As the number of drug overdose deaths climbs in B.C. and the province's health minister calls on the federal government to do more to help, Kelowna-Lake Country MP Stephen Fuhr says the Ottawa has heard the call and is responding.

While it may not be the state of emergency that was declared by the B.C. government last year, Fuhr said the federal Liberals are reacting by fast-tracking consideration of all calls for help and applications for permission to implement programs aimed at dealing with the growing opioid overdose death crisis.

"We are removing as many federal barriers as possible," Fuhr told the Capital News Wednesday.

That includes curtailing previous timeframes set for responding to applications such as the one Interior Health plans to make at the end of the month for permission to set up mobile safe drug-consumption units in Kelowna and Kamloops.

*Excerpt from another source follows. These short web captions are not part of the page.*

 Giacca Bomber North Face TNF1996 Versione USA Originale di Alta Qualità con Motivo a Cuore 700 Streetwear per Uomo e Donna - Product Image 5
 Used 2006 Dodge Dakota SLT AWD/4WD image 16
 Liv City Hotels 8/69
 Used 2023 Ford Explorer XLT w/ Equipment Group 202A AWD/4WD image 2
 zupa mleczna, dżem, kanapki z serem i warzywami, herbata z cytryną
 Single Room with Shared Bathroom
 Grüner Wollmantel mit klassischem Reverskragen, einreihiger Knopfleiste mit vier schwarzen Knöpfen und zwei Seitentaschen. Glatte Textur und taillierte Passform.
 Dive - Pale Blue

According to the province's Coroner's Service, Kelowna had the fourth highest number of  illicit drug overdose deaths last year with 48, more than double the number in 2015. Across the Okanagan there were a total of 76 overdose deaths in 2016 and throughout the Interior Health Authority's region there were 156.

"We are looking at this as a crisis," said Fuhr about the federal government's view of what is happening here.

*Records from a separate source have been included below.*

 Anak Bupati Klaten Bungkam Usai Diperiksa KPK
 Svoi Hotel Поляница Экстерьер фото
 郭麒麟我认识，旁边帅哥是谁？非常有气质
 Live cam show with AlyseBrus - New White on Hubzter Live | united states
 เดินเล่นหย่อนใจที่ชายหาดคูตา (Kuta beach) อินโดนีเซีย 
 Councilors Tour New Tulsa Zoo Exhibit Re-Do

But he said unlike the former Conservative government, who he said treated the issue as one of "crime and punishment" the federal Liberals are treating it as a health issue.

"This (federal Liberal) government is looking at it in a completely different way," said the rookie Liberal MP, adding it's clear from the current outcome that the way the Conservatives dealt with the issue did not work.

On Wednesday, B.C. Health Minister Terry Lake reiterated his call for Ottawa to step up and address the opioid crisis by calling a federal state of emergency so the national response can be expanded and more federal resources can be added to fighting the problem.

B.C. has spend $65 million in the last year to try and reduce the number of deaths from illicit drugs, said Lake and on Wednesday he announced $16 million more for additional residential treatment beds in B.C.

But, he said, Ottawa needs to do more as well.

"We haven't see the response that this type of epidemic requires on a national scale," said Lake.